## WHAT TO WORK ON
Using the listing below, extract each line that has the word "with" in it.

## RECORD EXCERPTS
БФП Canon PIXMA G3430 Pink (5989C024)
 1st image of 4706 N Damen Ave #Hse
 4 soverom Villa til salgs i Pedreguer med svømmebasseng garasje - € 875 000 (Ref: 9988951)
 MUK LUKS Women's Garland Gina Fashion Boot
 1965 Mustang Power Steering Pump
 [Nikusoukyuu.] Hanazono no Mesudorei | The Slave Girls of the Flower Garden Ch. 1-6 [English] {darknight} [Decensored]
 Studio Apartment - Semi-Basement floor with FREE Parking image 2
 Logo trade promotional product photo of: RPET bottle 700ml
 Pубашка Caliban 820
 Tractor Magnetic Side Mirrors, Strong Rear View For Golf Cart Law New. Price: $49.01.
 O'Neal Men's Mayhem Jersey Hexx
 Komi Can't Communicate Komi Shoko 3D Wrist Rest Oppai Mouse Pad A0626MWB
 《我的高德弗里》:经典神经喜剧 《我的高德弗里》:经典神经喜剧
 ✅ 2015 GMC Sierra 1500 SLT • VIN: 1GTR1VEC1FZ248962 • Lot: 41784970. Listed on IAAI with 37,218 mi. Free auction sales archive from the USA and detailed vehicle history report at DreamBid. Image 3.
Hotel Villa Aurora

## RESPONSE TO THE TASK
 Studio Apartment - Semi-Basement floor with FREE Parking image 2
 ✅ 2015 GMC Sierra 1500 SLT • VIN: 1GTR1VEC1FZ248962 • Lot: 41784970. Listed on IAAI with 37,218 mi. Free auction sales archive from the USA and detailed vehicle history report at DreamBid. Image 3.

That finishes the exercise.